__WHAT IS NEEDED__: The required output is every line from the one containing "George Kovacs Gramercy" through the last line of the listing below, copied exactly, pictures excluded.

__THE DATA__:
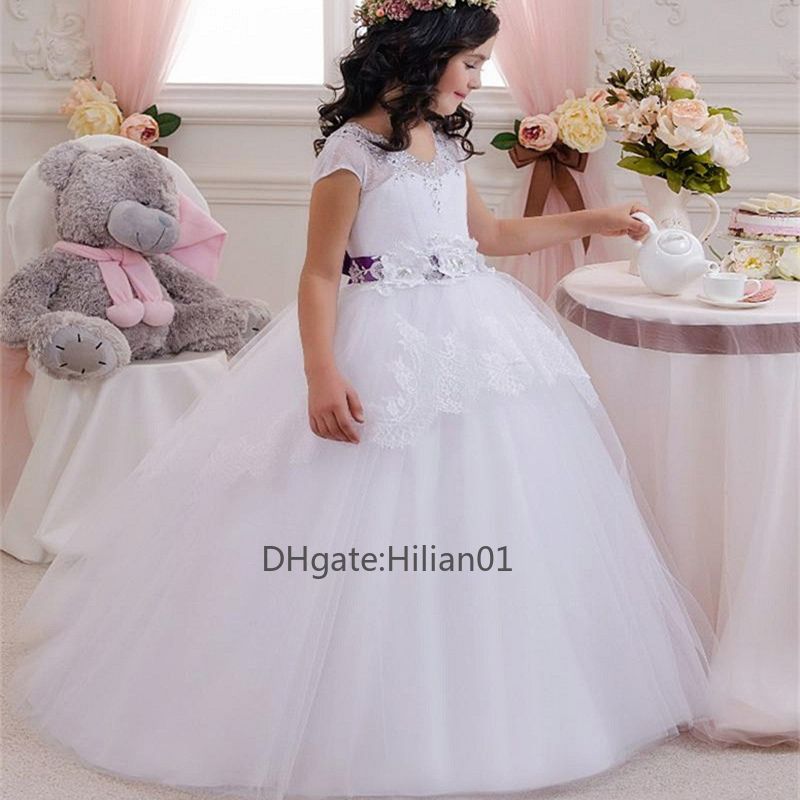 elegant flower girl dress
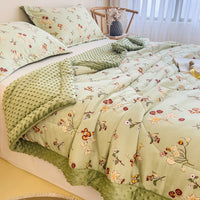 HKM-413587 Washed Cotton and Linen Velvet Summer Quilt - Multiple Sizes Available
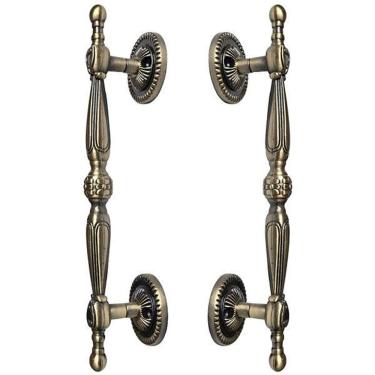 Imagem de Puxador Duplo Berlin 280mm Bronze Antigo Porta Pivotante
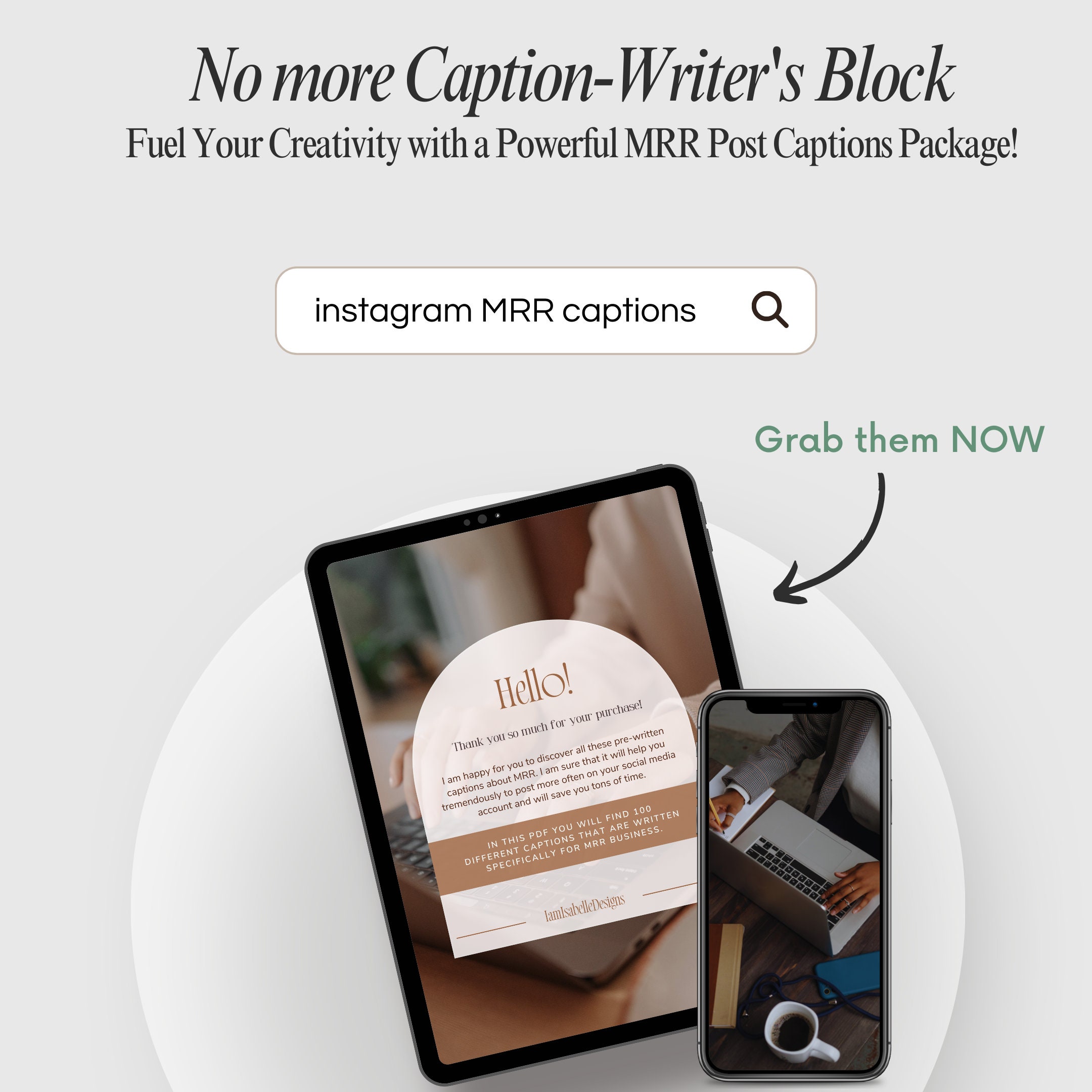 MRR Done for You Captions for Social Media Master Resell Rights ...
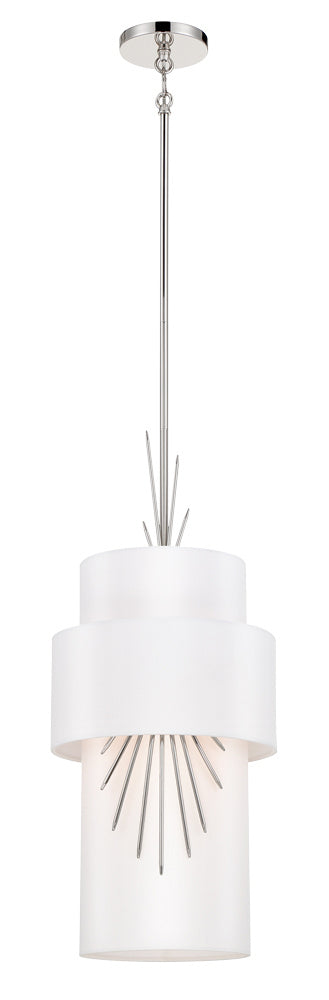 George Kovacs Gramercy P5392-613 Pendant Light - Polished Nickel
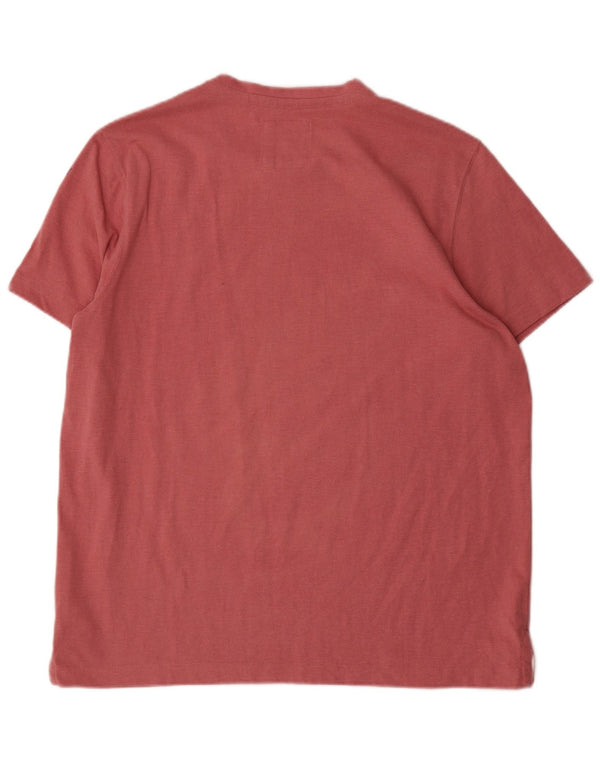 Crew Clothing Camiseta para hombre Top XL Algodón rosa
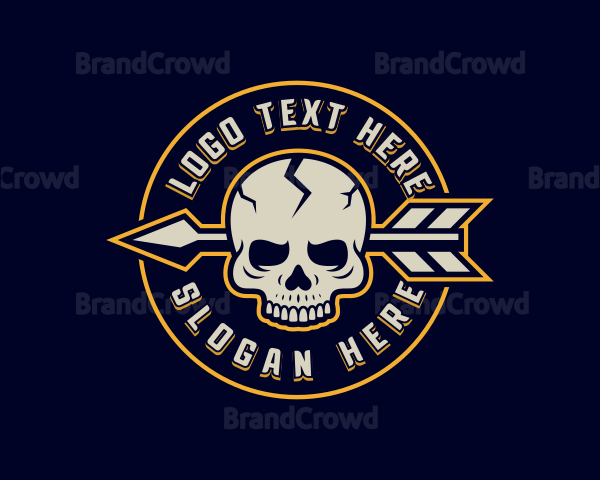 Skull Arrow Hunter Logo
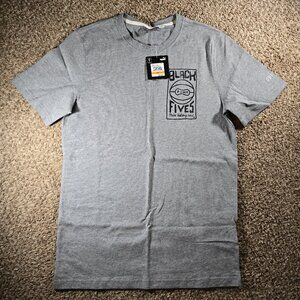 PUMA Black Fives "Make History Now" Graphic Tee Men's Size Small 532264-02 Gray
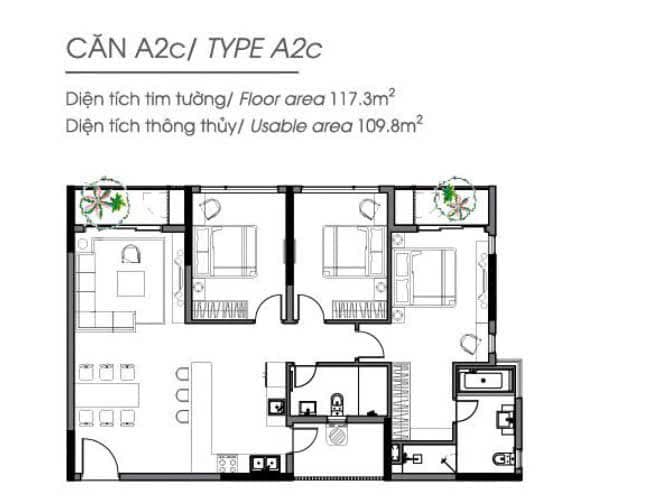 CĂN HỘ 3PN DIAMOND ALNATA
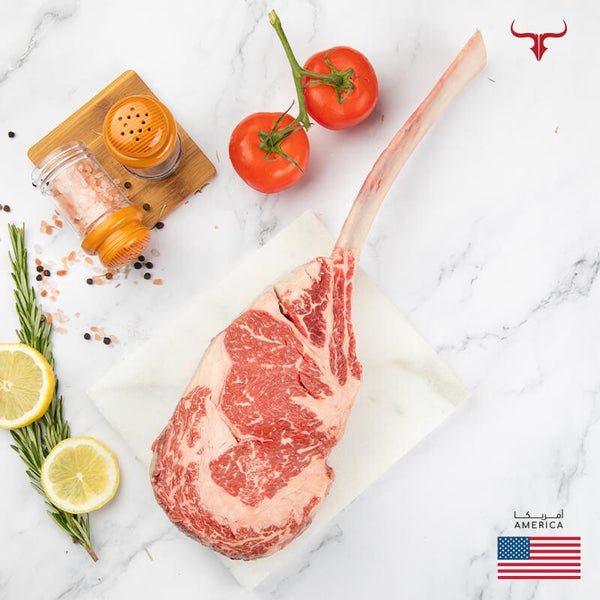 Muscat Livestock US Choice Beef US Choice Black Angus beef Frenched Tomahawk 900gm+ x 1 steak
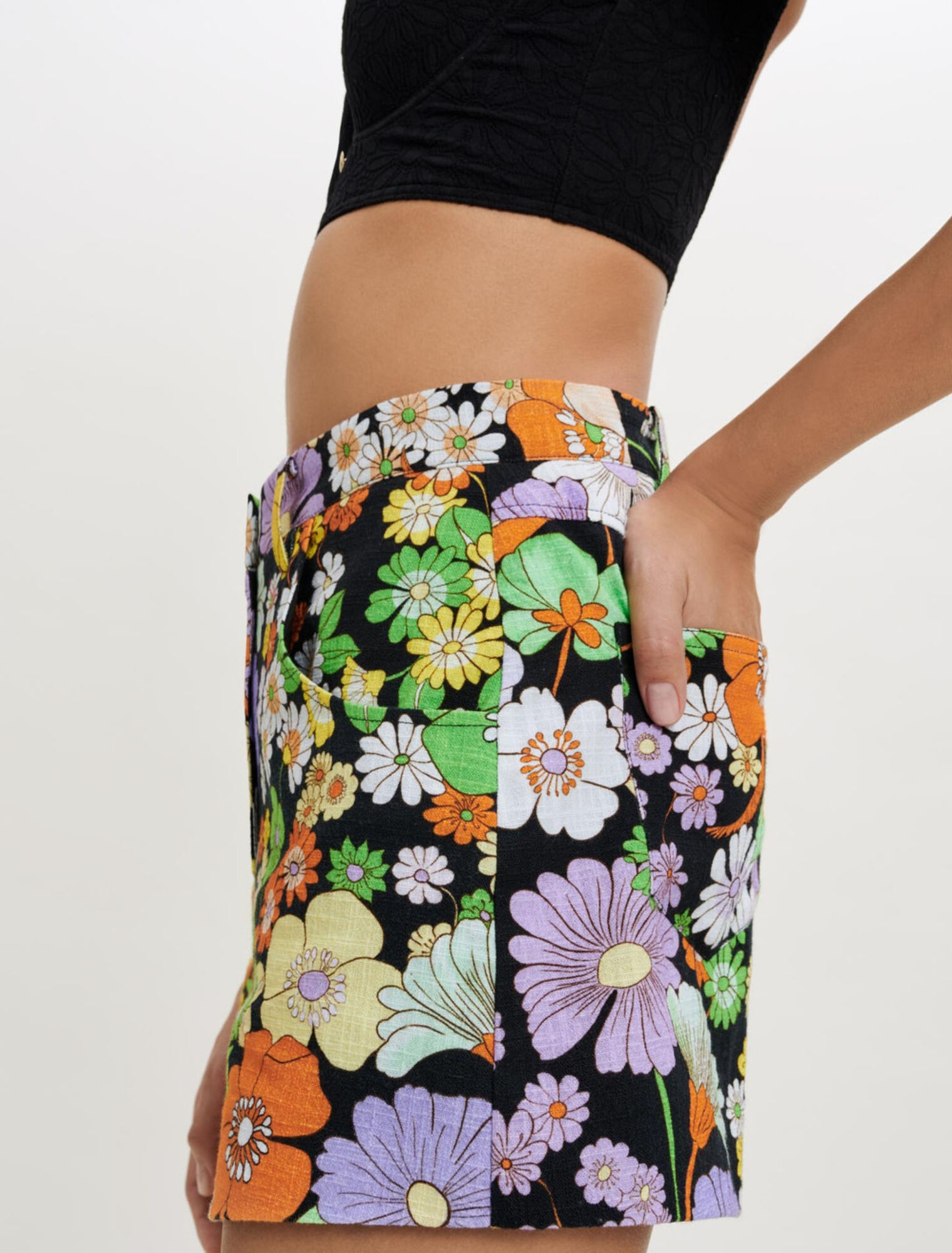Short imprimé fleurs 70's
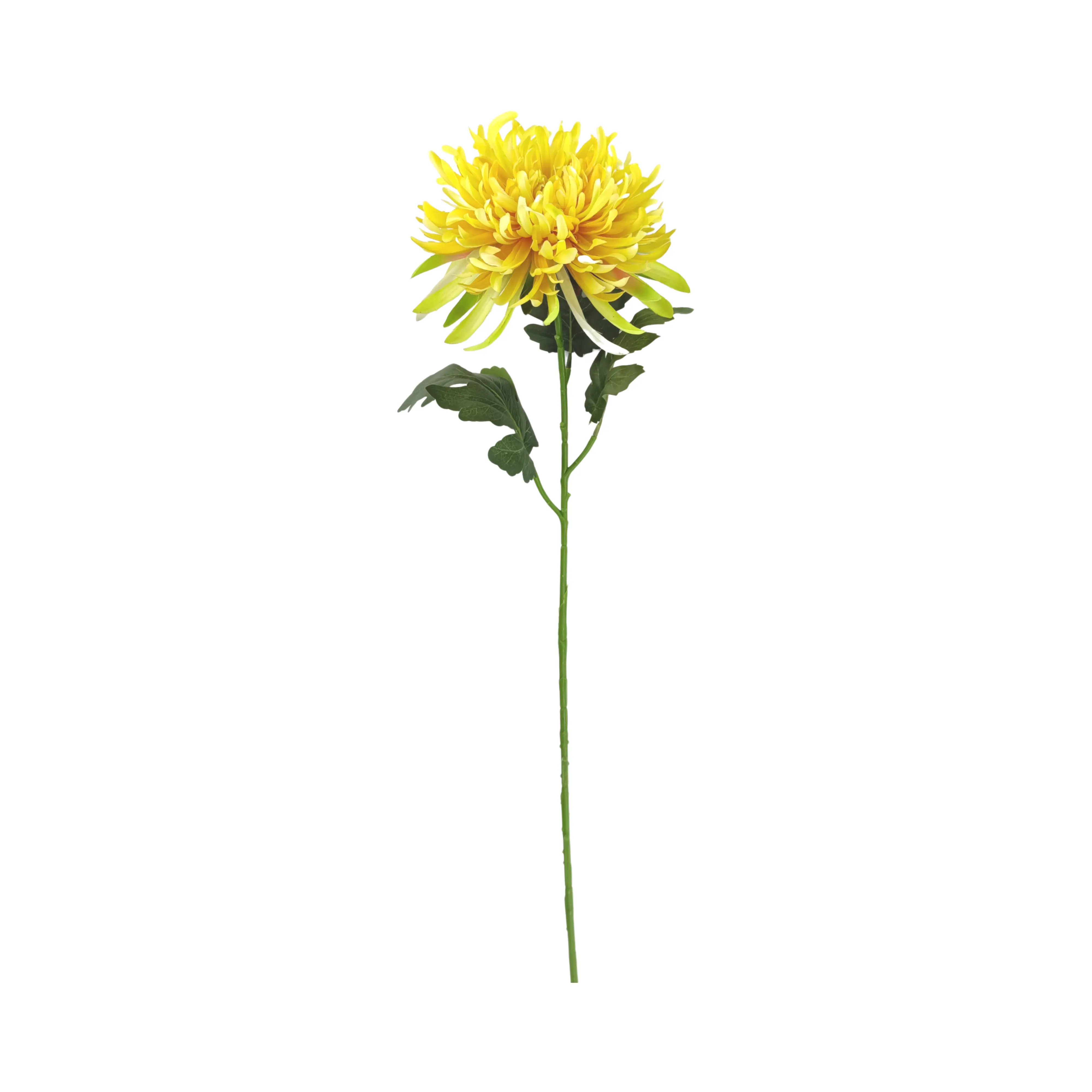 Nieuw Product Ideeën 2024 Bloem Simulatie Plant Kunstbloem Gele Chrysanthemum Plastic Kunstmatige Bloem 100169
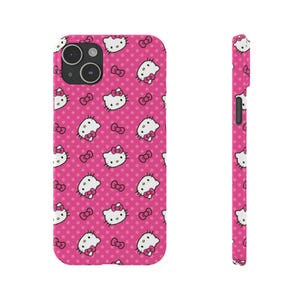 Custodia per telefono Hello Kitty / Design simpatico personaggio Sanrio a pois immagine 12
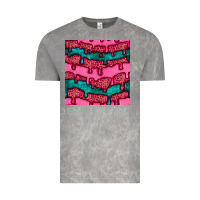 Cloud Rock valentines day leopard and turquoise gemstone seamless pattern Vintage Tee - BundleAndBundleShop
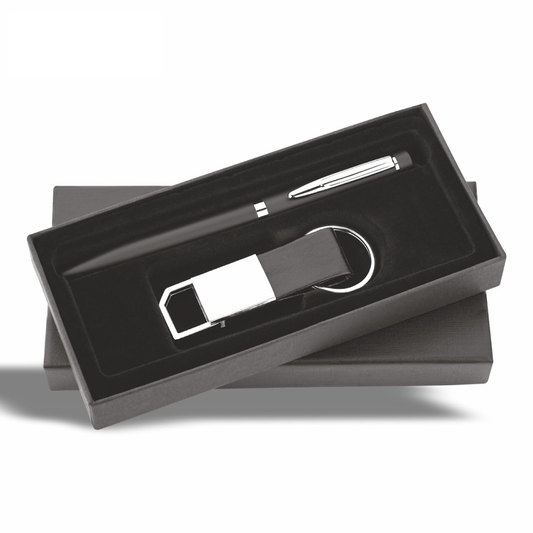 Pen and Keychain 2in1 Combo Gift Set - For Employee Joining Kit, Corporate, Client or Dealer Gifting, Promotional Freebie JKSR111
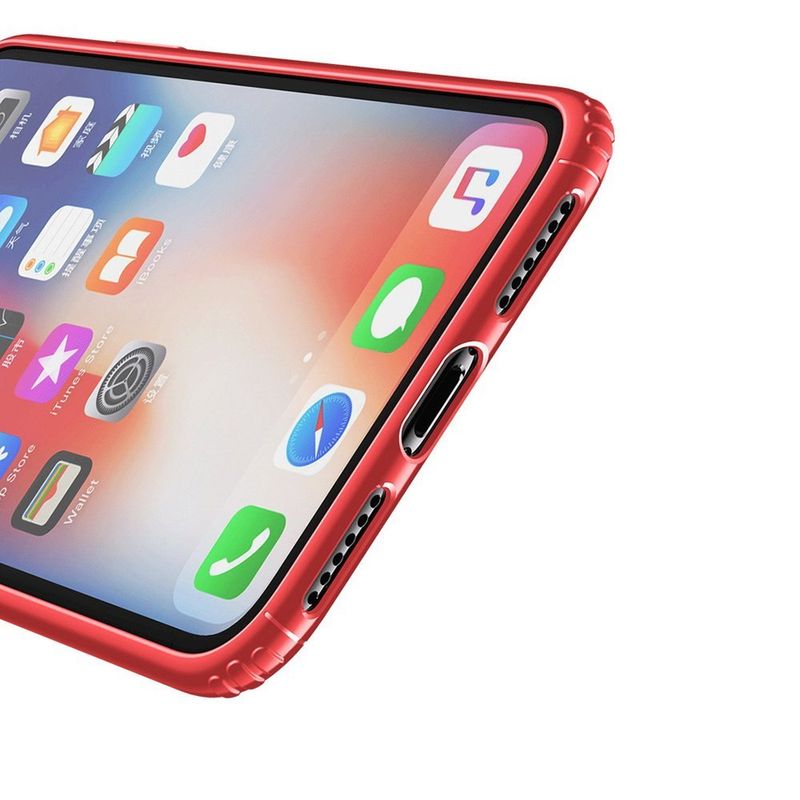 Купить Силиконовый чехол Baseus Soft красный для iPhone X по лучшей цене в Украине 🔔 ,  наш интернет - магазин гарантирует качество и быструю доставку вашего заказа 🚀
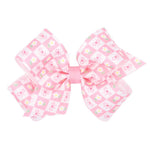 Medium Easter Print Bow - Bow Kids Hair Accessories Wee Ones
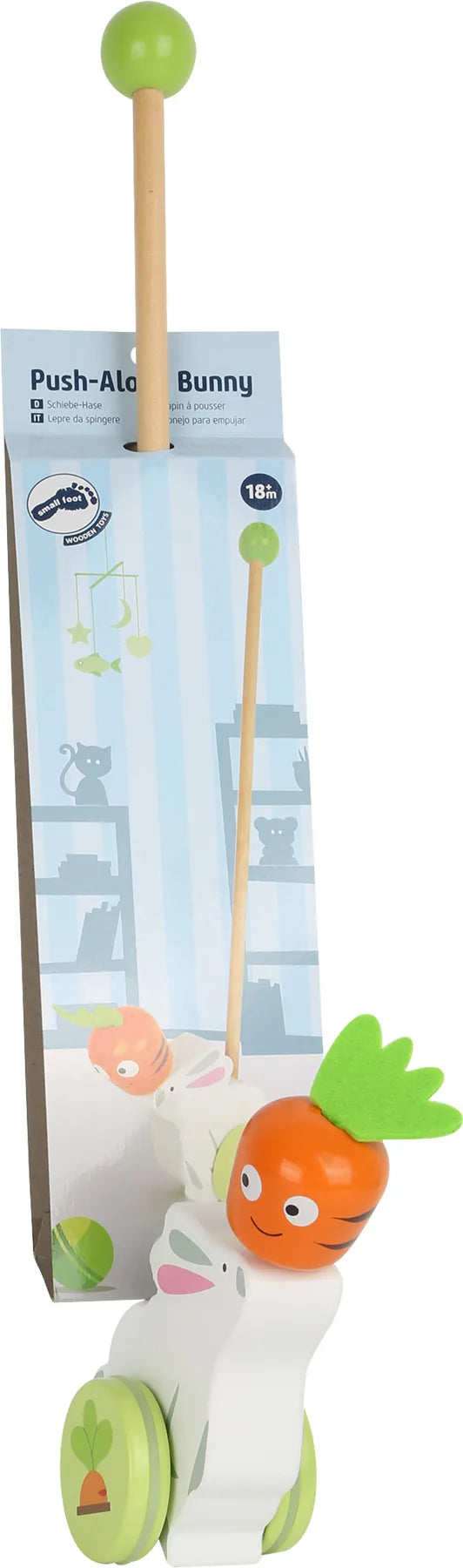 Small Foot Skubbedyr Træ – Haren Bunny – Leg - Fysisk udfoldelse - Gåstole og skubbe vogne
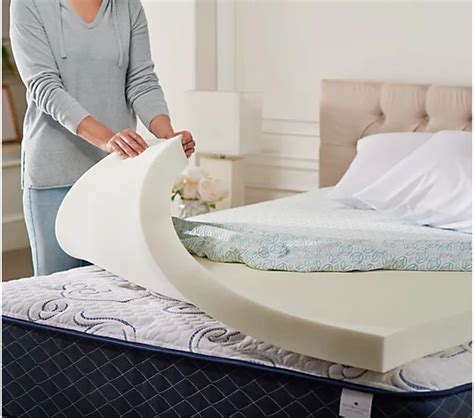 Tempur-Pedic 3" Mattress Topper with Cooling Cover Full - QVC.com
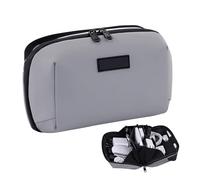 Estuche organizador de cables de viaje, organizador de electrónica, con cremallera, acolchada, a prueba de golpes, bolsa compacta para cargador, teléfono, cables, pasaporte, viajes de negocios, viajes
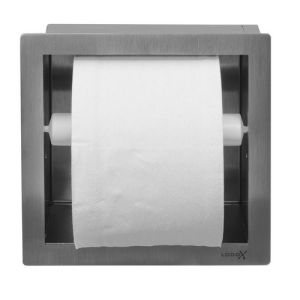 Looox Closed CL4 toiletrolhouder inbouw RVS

__OUTPUT BELOW__:
 George Kovacs Gramercy P5392-613 Pendant Light - Polished Nickel
 Crew Clothing Camiseta para hombre Top XL Algodón rosa
 Skull Arrow Hunter Logo
 PUMA Black Fives "Make History Now" Graphic Tee Men's Size Small 532264-02 Gray
 CĂN HỘ 3PN DIAMOND ALNATA
 Muscat Livestock US Choice Beef US Choice Black Angus beef Frenched Tomahawk 900gm+ x 1 steak
Short imprimé fleurs 70's
 Nieuw Product Ideeën 2024 Bloem Simulatie Plant Kunstbloem Gele Chrysanthemum Plastic Kunstmatige Bloem 100169
 Custodia per telefono Hello Kitty / Design simpatico personaggio Sanrio a pois immagine 12
 Cloud Rock valentines day leopard and turquoise gemstone seamless pattern Vintage Tee - BundleAndBundleShop
 Pen and Keychain 2in1 Combo Gift Set - For Employee Joining Kit, Corporate, Client or Dealer Gifting, Promotional Freebie JKSR111
 Купить Силиконовый чехол Baseus Soft красный для iPhone X по лучшей цене в Украине 🔔 ,  наш интернет - магазин гарантирует качество и быструю доставку вашего заказа 🚀
 Medium Easter Print Bow - Bow Kids Hair Accessories Wee Ones
 Small Foot Skubbedyr Træ – Haren Bunny – Leg - Fysisk udfoldelse - Gåstole og skubbe vogne
 Tempur-Pedic 3" Mattress Topper with Cooling Cover Full - QVC.com
 Estuche organizador de cables de viaje, organizador de electrónica, con cremallera, acolchada, a prueba de golpes, bolsa compacta para cargador, teléfono, cables, pasaporte, viajes de negocios, viajes
 Looox Closed CL4 toiletrolhouder inbouw RVS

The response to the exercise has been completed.